Media Capture Depth Stream Extension

From W3C Wiki

Abstract

This document discusses use cases and requirements for accessing depth stream from a depth camera. It is assumed this functionality will be defined in an extension specification layered on top of the existing getUserMedia API.

Overview

Depth cameras have become popular in the consumer market with devices such as the Kinect [1] and Creative Senz3D [2]. There are three main depth sensing technologies:

  1. stereo cameras [3],
  2. time-of-flight cameras [4] and
  3. structured light cameras [5].

Based on these technologies, depth cameras are able to provide a depth map, which provides the distance information between points on an object's surface and the camera. Some cameras are also able to provide a synchronized RGB image along with a depth map. According to [6], depth information is able to enhance the RGB-only computer vision in robustness and performance. As discussed in [7], the depth information can also be used for "free viewpoint" video rendering that can help create immersive conferencing.

Use Cases

An HTML5 "Fruit Ninja" style video game with hand gesture
  • UC1: An HTML5 "Fruit Ninja" style Video Game with Hand Gesture (depth stream processing).

Fruit Ninja is a popular video game. In this game, users are tasked to cut the flying on-screen fruit. At same time, users must try to avoid cutting any bombs that fly by which will then explode and end the game. An HTML5 "Fruit Ninja" style video game is able to run on different devices with different input methods. On traditional personal computers, users use their mouse or pointing device to control the blade and cut the flying fruit. On phones or tablets, users use their touch screen to cut the flying fruit. On devices with depth camera, users could wave their bare hands to cut the flying fruit making the game more physical and interactive.

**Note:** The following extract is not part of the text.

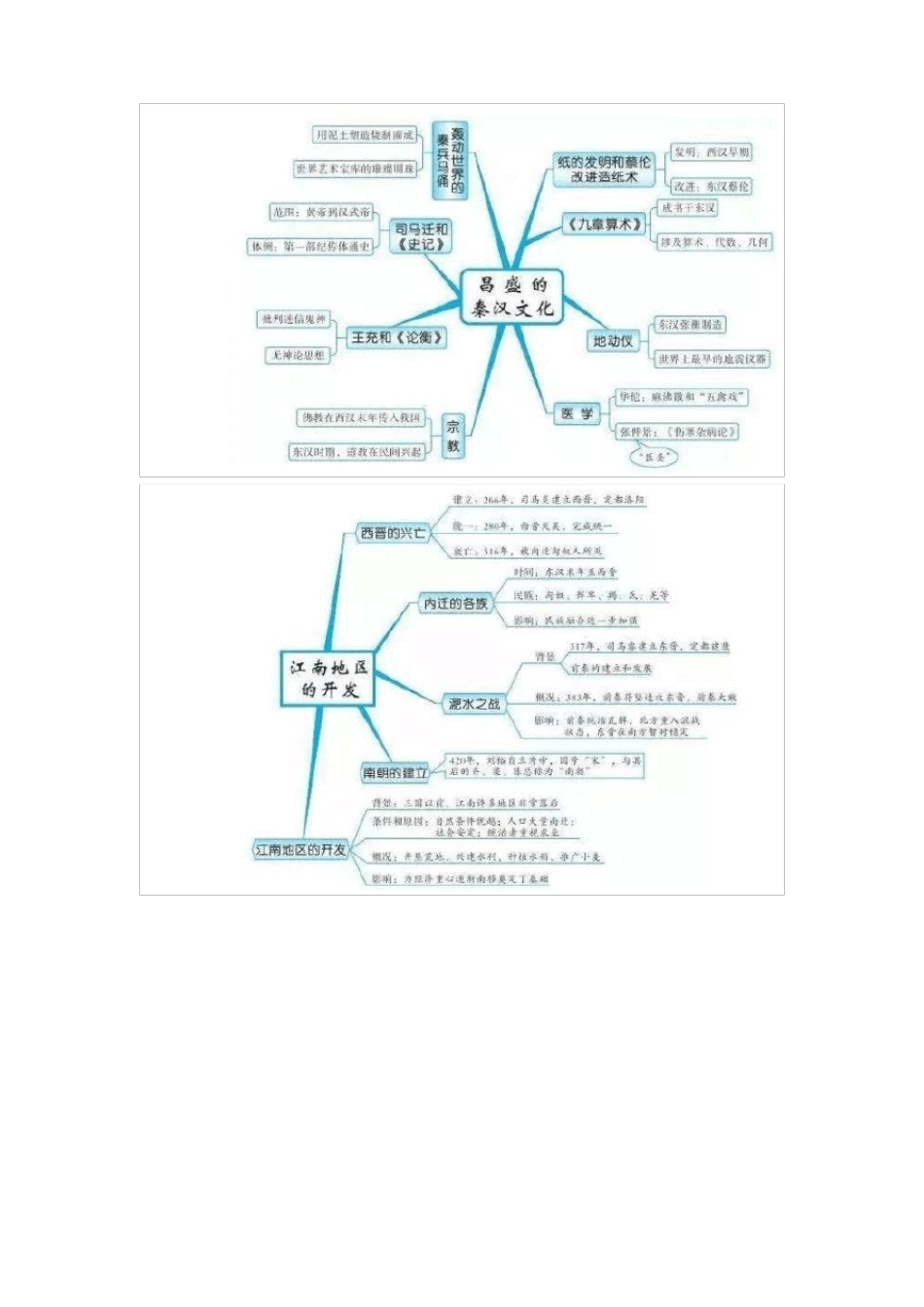七年级历史思维导图_第3页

Bob launches the HTML5 "Fruit Ninja" style video game in a browser running on a device connected to a depth camera. The browser notifies Bob that this site wants to access the depth camera. Bob grants permission for this access. Then the game's user interface instructs Bob that he can now wave his hand around in front of the depth camera to cut the flying fruit. The game's user interface can also blend a contour of Bob's body into the game's scene to help him locate his position and improve the game play. Bob then waves one of his hands to cut an apple on the start screen in order to start the game. Bob is now able to interact with the game by waving his hands around to cut the flying fruit.

For another example of a video game with hand gesture tracking, see the demonstration video. The Google Glass team have also released a game that delivers this type of interaction called Shape Splitter. While this currently uses image processing, it shows that this interaction model is very relevant in wearable devices too.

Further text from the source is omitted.